→ Task details:
With every picture left out, give the data below back exactly.

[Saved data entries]
##########

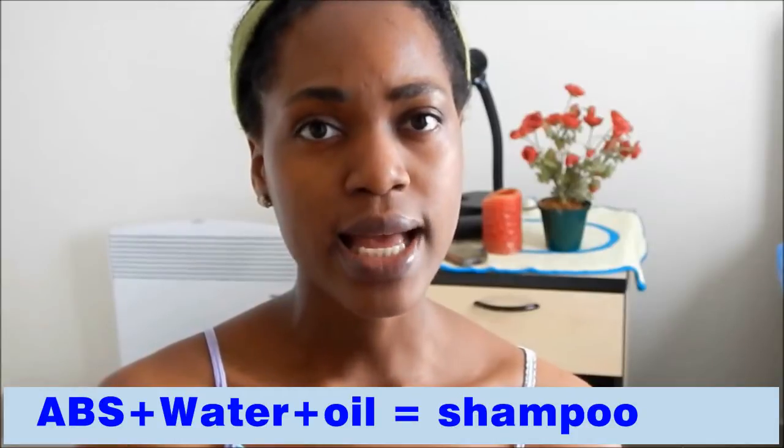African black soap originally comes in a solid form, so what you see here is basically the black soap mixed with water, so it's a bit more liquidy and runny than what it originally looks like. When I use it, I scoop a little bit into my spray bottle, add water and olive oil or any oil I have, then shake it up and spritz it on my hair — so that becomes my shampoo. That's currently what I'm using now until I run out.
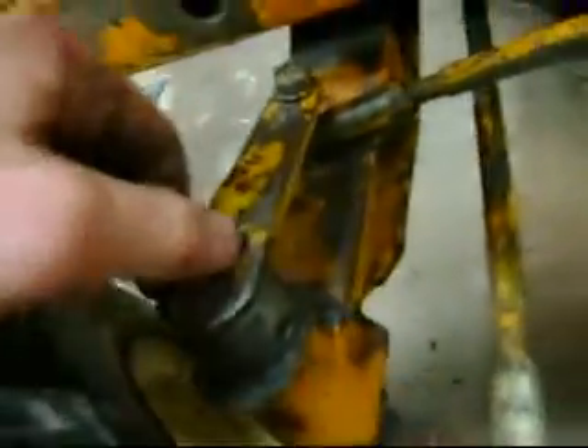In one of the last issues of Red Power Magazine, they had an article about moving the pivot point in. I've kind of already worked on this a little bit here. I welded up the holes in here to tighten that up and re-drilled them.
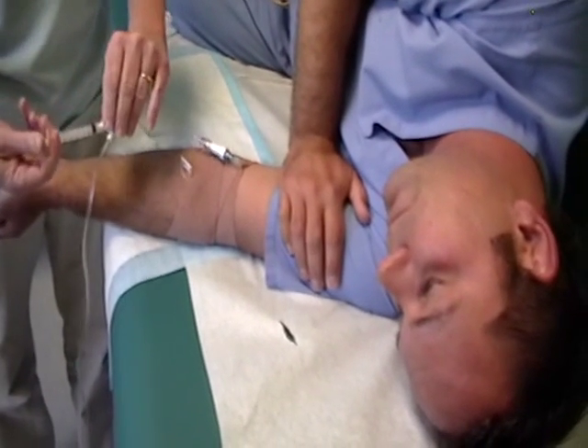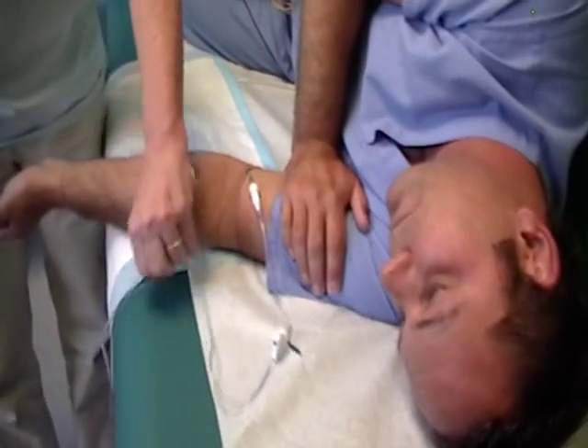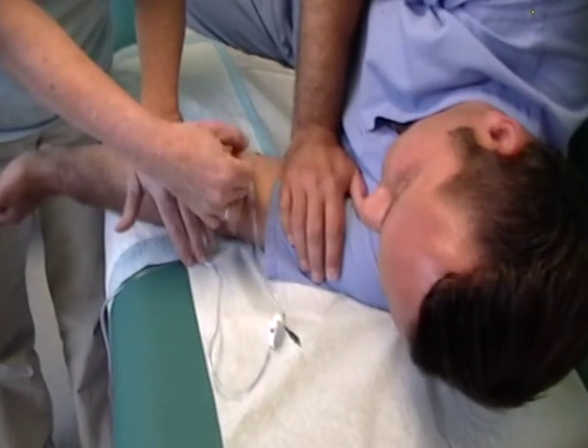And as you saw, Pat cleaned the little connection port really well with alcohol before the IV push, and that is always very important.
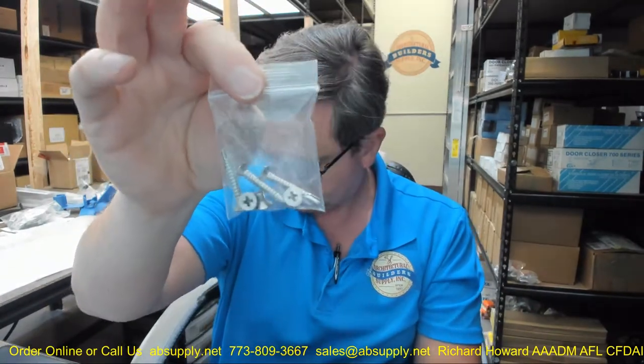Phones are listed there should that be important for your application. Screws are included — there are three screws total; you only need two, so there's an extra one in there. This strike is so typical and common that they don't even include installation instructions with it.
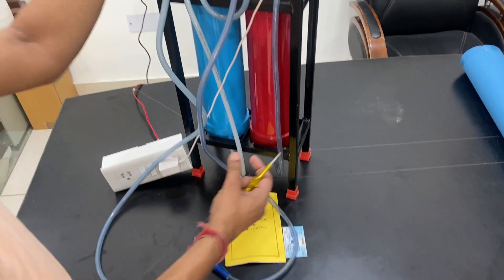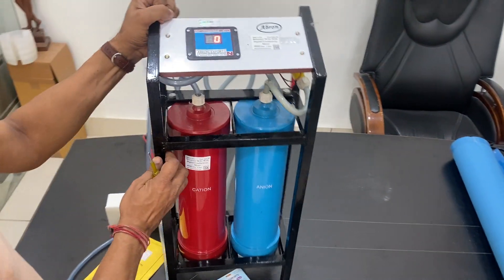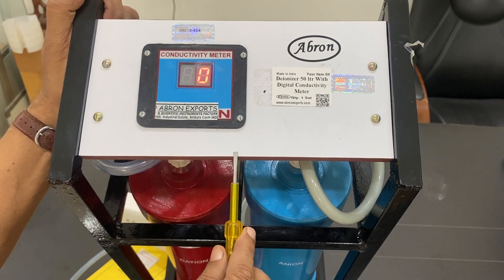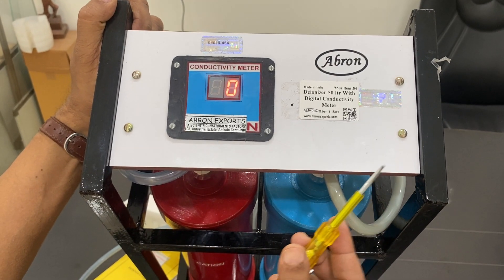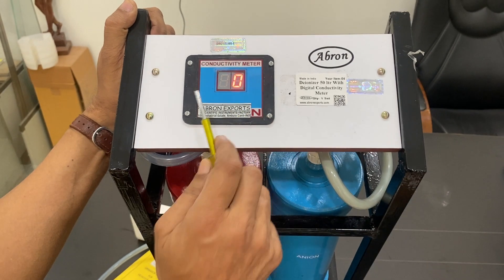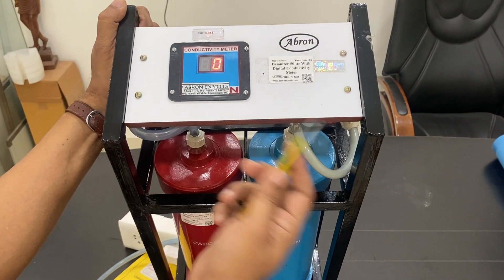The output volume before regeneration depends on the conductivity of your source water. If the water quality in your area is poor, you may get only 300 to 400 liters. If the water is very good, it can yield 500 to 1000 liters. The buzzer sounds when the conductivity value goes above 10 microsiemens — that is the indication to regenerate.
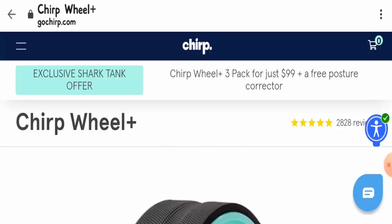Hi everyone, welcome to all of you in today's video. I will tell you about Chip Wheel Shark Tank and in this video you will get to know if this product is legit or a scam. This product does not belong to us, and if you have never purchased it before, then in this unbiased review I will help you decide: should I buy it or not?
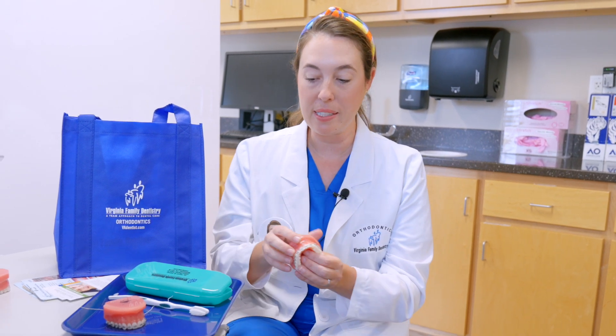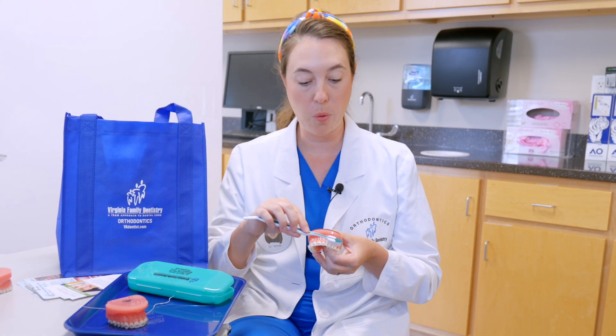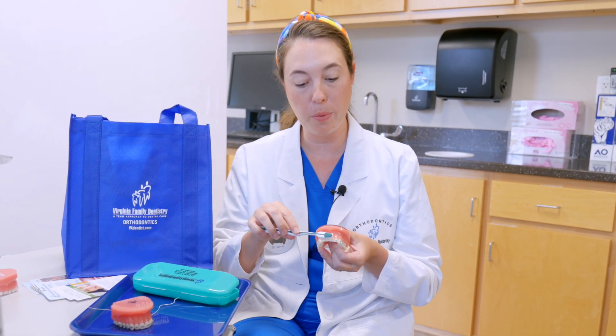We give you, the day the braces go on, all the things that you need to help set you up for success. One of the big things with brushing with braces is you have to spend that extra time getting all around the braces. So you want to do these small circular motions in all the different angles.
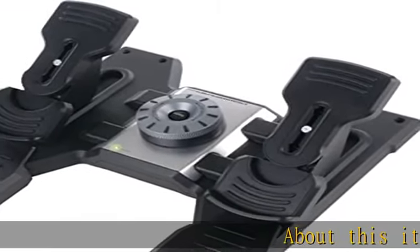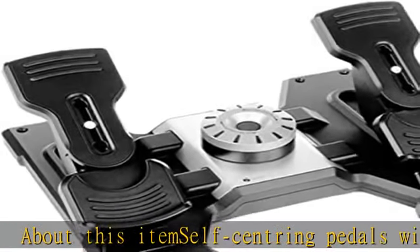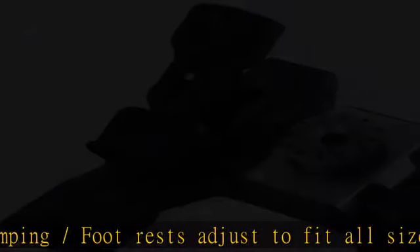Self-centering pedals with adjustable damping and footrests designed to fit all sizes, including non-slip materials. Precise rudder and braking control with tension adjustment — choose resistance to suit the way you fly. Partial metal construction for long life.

##########

→ Answer area:
African black soap originally comes in a solid form, so what you see here is basically the black soap mixed with water, so it's a bit more liquidy and runny than what it originally looks like. When I use it, I scoop a little bit into my spray bottle, add water and olive oil or any oil I have, then shake it up and spritz it on my hair — so that becomes my shampoo. That's currently what I'm using now until I run out.
In one of the last issues of Red Power Magazine, they had an article about moving the pivot point in. I've kind of already worked on this a little bit here. I welded up the holes in here to tighten that up and re-drilled them.
And as you saw, Pat cleaned the little connection port really well with alcohol before the IV push, and that is always very important.
Phones are listed there should that be important for your application. Screws are included — there are three screws total; you only need two, so there's an extra one in there. This strike is so typical and common that they don't even include installation instructions with it.
The output volume before regeneration depends on the conductivity of your source water. If the water quality in your area is poor, you may get only 300 to 400 liters. If the water is very good, it can yield 500 to 1000 liters. The buzzer sounds when the conductivity value goes above 10 microsiemens — that is the indication to regenerate.
Hi everyone, welcome to all of you in today's video. I will tell you about Chip Wheel Shark Tank and in this video you will get to know if this product is legit or a scam. This product does not belong to us, and if you have never purchased it before, then in this unbiased review I will help you decide: should I buy it or not?
We give you, the day the braces go on, all the things that you need to help set you up for success. One of the big things with brushing with braces is you have to spend that extra time getting all around the braces. So you want to do these small circular motions in all the different angles.
Self-centering pedals with adjustable damping and footrests designed to fit all sizes, including non-slip materials. Precise rudder and braking control with tension adjustment — choose resistance to suit the way you fly. Partial metal construction for long life.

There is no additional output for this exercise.